Well there is a difference folks. Most people use it interchangeably. Even I did when I was younger. I thought of it as a disease that old people get. That is true for the most part but there is such a thing as Early Onset Alzheimer’s. It's an uncommon form of dementia that strikes people younger than age 65.

Let's get to the difference between Alzheimer's and Dementia. According to the Center for Disease Control (CDC), Alzheimer’s disease is a common cause of dementia causing as many as 50 to 70% of all dementia cases. In fact, Alzheimer’s is a specific form of dementia. Symptoms of Alzheimer’s include impaired thought, impaired speech, and confusion. A doctor can’t say that you or your loved one has Alzheimer’s with absolute certainty, but there are things he or she can do to be sure. Doctors use a variety of screenings to determine the cause of dementia including blood tests, mental status evaluations and brain scans.

Dementia on the other hand is an umbrella term for a set of symptoms including impaired thinking and memory. Dementia is the name for a group of brain disorders that make it hard to remember, think clearly, make decisions, or even control your emotions. Alzheimer’s disease is one of those disorders, but there are many different types and causes of dementia. Dementia isn’t just about simple memory mishaps - like forgetting someone’s name or where you parked.
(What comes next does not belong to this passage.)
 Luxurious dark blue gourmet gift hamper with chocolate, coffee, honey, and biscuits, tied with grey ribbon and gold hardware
A person with dementia has a hard time with at least two of the following:

  • Memory

  • Communication and speech

  • Focus and concentration

  • Reasoning and judgment

  • Visual perception (can’t see the difference in colors or detect movement, or sees things that aren’t there)
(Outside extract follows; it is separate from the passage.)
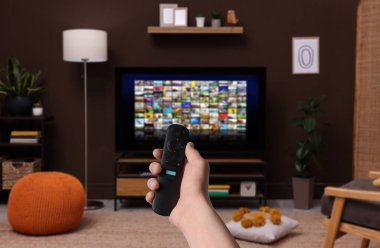 Uzaktan kumandalı kadın evde televizyon izlerken kanal değiştiriyor, kapatıyor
Since some types of dementia share similar symptoms, it can be hard for a doctor to figure out which one you or your loved one has. Be sure to tell him about all symptoms, medication and alcohol use, and previous illnesses to help him make the right diagnosis.

Basically, it’s a term that is often associated with the cognitive decline of aging. However, issues other than Alzheimer’s can cause dementia. Other common causes of dementia are Huntington’s Disease, Parkinson’s Disease and Creutzfeldt-Jakob disease.

The major difference between Alzheimer’s Disease and dementia — when an individual is diagnosed with dementia, they are diagnosed based on their symptoms without knowing what's behind the symptoms. In Alzheimer’s disease, the exact cause of the symptoms is understood. In addition, Alzheimer's disease is not reversible, whereas some types of dementia, such as those caused by nutritional problems or a drug interaction, can be reversed.

I intend to write a post on the types of Dementia soon.